SIP reference

A glossary of the SIP, networking, and audio terms used when configuring SIP trunking with ElevenLabs Agents.

Overview

SIP trunking connects your existing telephony infrastructure to ElevenLabs Agents. Configuring it involves protocols, network settings, and audio formats that use specialized terminology.

This page defines those terms in plain language. Use it as a companion reference while reading the SIP trunking guide or troubleshooting a connection.

The terms are grouped into the following categories:

Protocols

SIP (Session Initiation Protocol)

The signaling protocol that starts, modifies, and ends real-time communication sessions such as voice calls. SIP negotiates who is calling whom and how the audio should be exchanged, but it does not carry the audio itself. It is defined in RFC 3261.

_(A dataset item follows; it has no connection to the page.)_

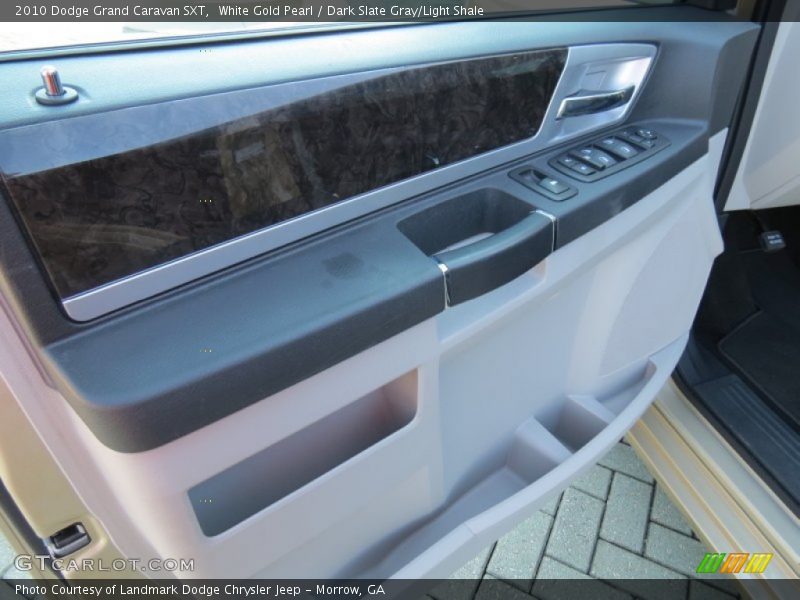 White Gold Pearl / Dark Slate Gray/Light Shale 2010 Dodge Grand Caravan SXT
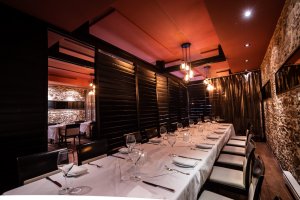 Group dining rooms available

SDP (Session Description Protocol)

A text format carried inside SIP messages that describes the media of a call: which codecs each side supports, the IP addresses and ports for the audio stream, and the encryption parameters. The two endpoints use SDP to agree on a common configuration before audio flows.

RTP (Real-time Transport Protocol)

The protocol that carries the actual audio of a call once SIP has set it up. RTP packets travel as a continuous stream and are sensitive to delay and loss, which is why audio quality depends on network conditions.

SRTP (Secure RTP)

An encrypted version of RTP. When media encryption is enabled, the audio stream is protected with SRTP so it cannot be intercepted in transit. Both endpoints must support SRTP for encrypted media to work.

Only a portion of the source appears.